Libya marks 52nd anniversary of British Evacuation Day

Libya marks today the 52nd anniversary of British Evacuation Day which took place on March 28, 1970.

On this day, British forces were expelled and their bases in Libya were evacuated for the first time since they entered the country after World War II. About 400 men of the Royal Regiment of Fusiliers and the Royal Air Force sailed from Tobruk for Cyprus during the enforced evacuation which took place under the Libyan Arab Republic (1969-1977).

The British Evacuation Day was followed by the U.S. withdrawal from Wheelus Air Base, an American military base in Tripoli which at that time was considered the largest U.S. military facility outside the U.S.

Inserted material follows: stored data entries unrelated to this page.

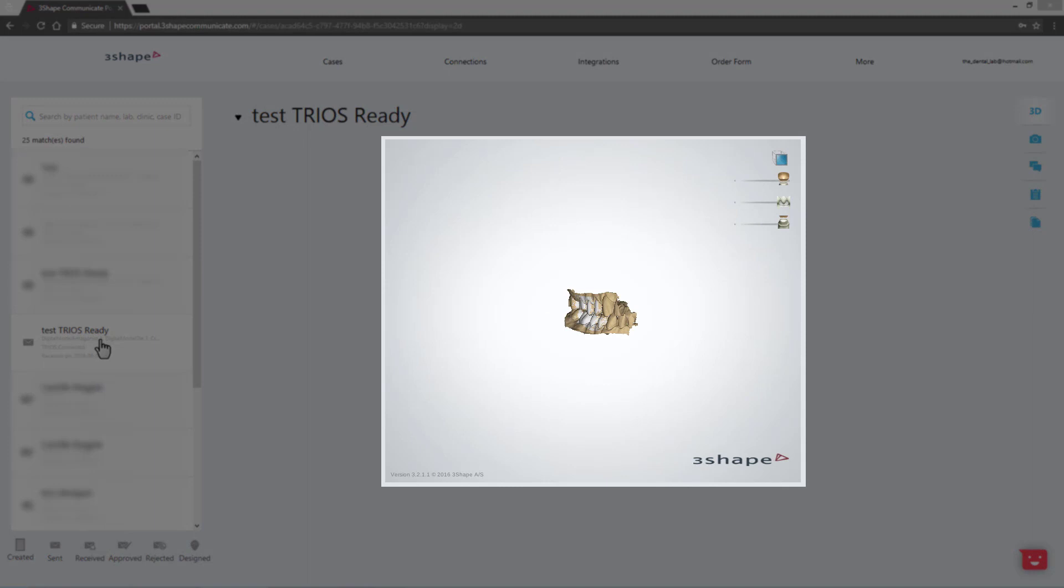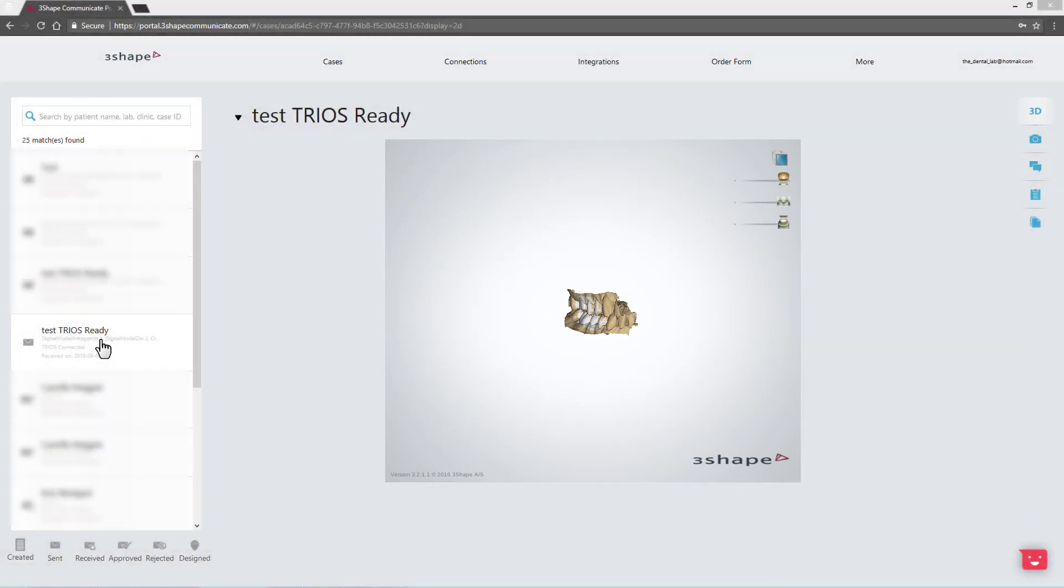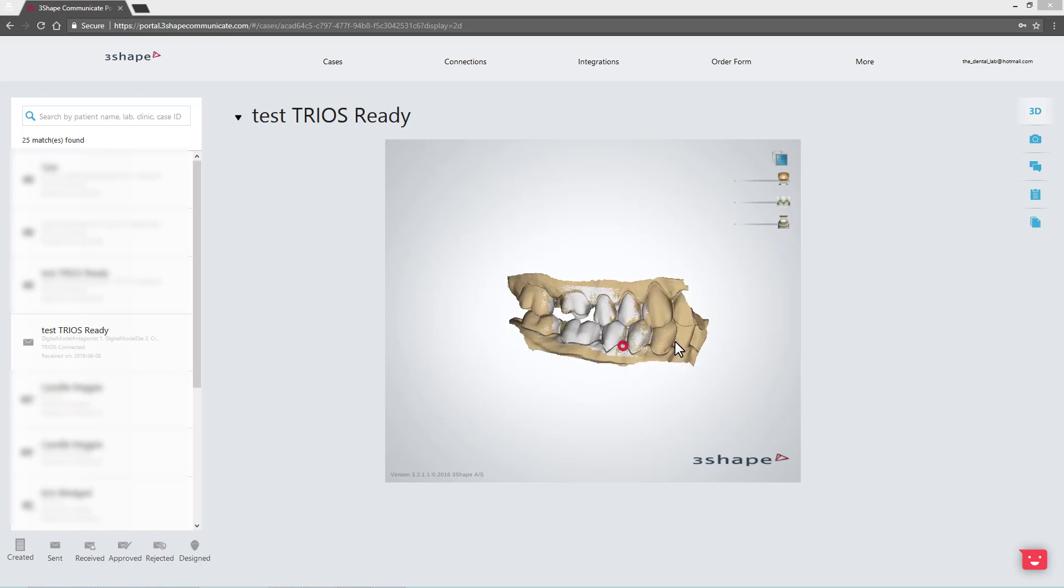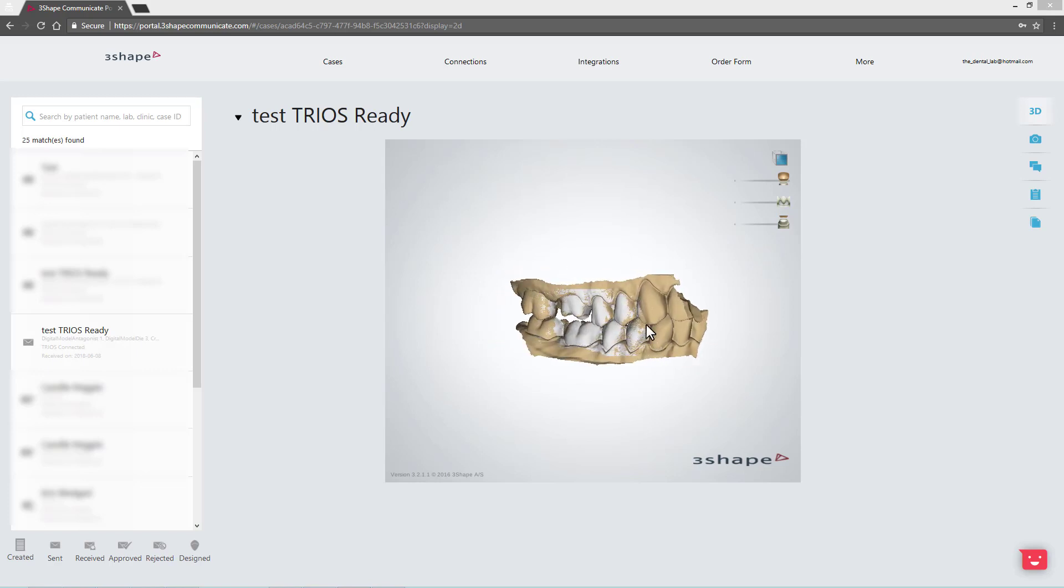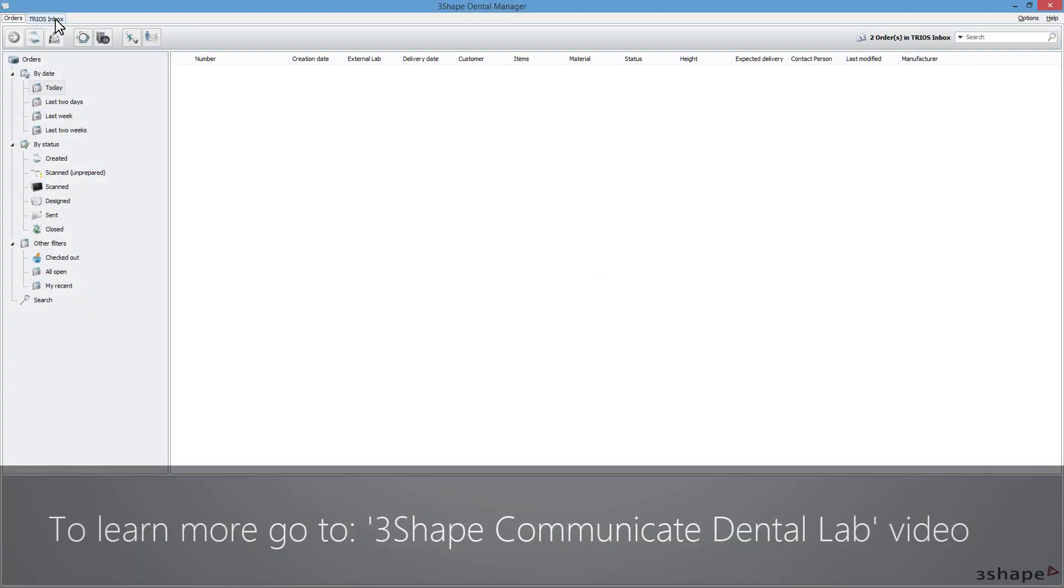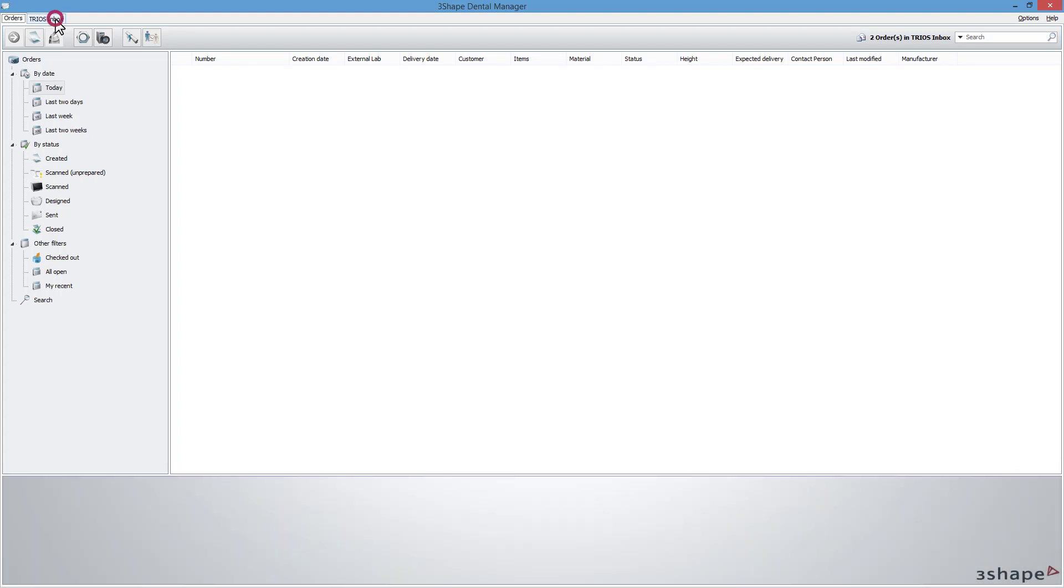In the middle window, you can investigate the 3D view of the scan. Remember that you have to integrate your TRIOS Inbox in Dental Manager with the 3Shape Communicate account of your lab. Enter the TRIOS Inbox tab in the Dental Manager and accept the order.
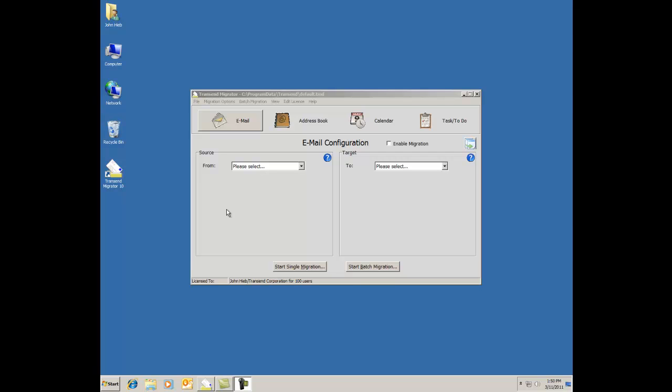At this screen, you can choose to migrate email, address books, calendars or tasks by themselves separately or together or however you need to for your environment. Sometimes certain applications have files set up a different way and so you can go ahead and migrate the sections, whatever works for your project.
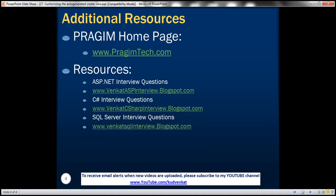On this slide, you can find resources for ASP.NET, C Sharp, and SQL Server interview questions. That's it for today. Thank you for listening. Have a great day.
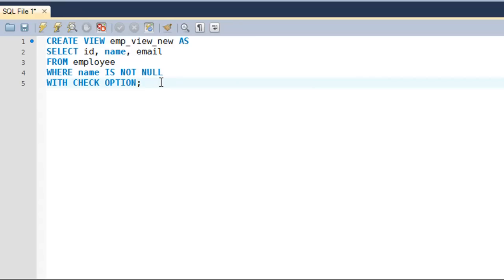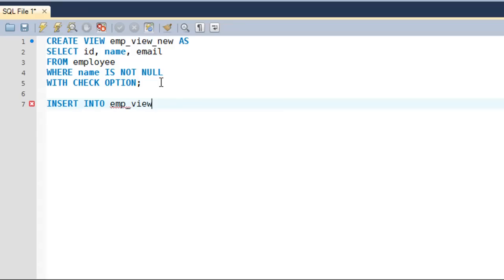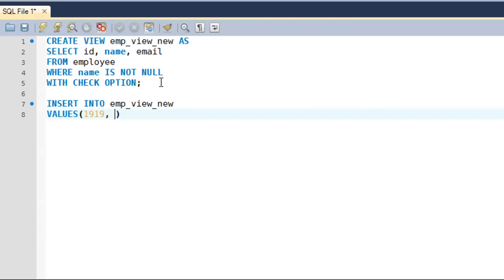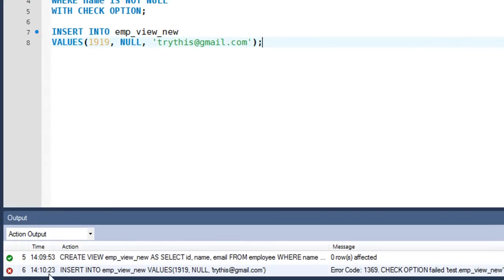Let's execute this to create the view, then run an INSERT INTO query to see the difference. I'll insert into emp_view_new with values: id 1919, null for name, and 'trythis@gmail.com' for email. When I execute this query, I get an error message in the output section: 'CHECK OPTION failed: test.emp_view_new'. That's the significance of having the CHECK OPTION on a view.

Prior to the coup d’état of late Libyan leader Muammar Gaddafi in 1969, the U.S. and the Kingdom of Libya had already reached agreement on U.S. withdrawal from Wheelus. This proceeded according to plan, and the facility was turned over to the new Libyan authorities on June 11, 1970.

Shortly after the evacuation of British troop, a nationwide celebration took place in Libya on March 31 to mark the end of nearly 30 years of British occupation; and Gaddafi’s government had declared March 28 a national holiday.

In its report on the event 52 years ago, Reuters remarked that, with British troops pulling out of Libya, North Africa was left without British servicemen for the first time since the occupation of Egypt in 1882.

Since the British and U.S. evacuation on 1970, no foreign troops had ever established an official stronghold in Libya until 2019 when the Libya Government of National Accord (GNA), under the leadership of former prime minister Fayez Al-Sarraj, signed a security deal with Ankara to allow entrance of Turkish troops to the country.

In 2020, American news website The Intercept obtained documents which shows that U.S. AFRICOM had a number of bases in Libya until 2019. However, a U.S. military official told The Intercept that the American troops “temporarily relocated from [Libya] in response to security conditions on the ground”.

On the other hand, the fate of Turkish troops in the country remains unknown. Earlier this month, the Libyan House of Representatives, which was vehemently against Turkish military presence in the country, named a new prime minister, Fathi Bashagha, to lead the country.

Despite being considered close to Turkey, Bashagha has told the press in a recent interview that his government will abide by any decision made by House of Representatives regarding the Turkish security deal.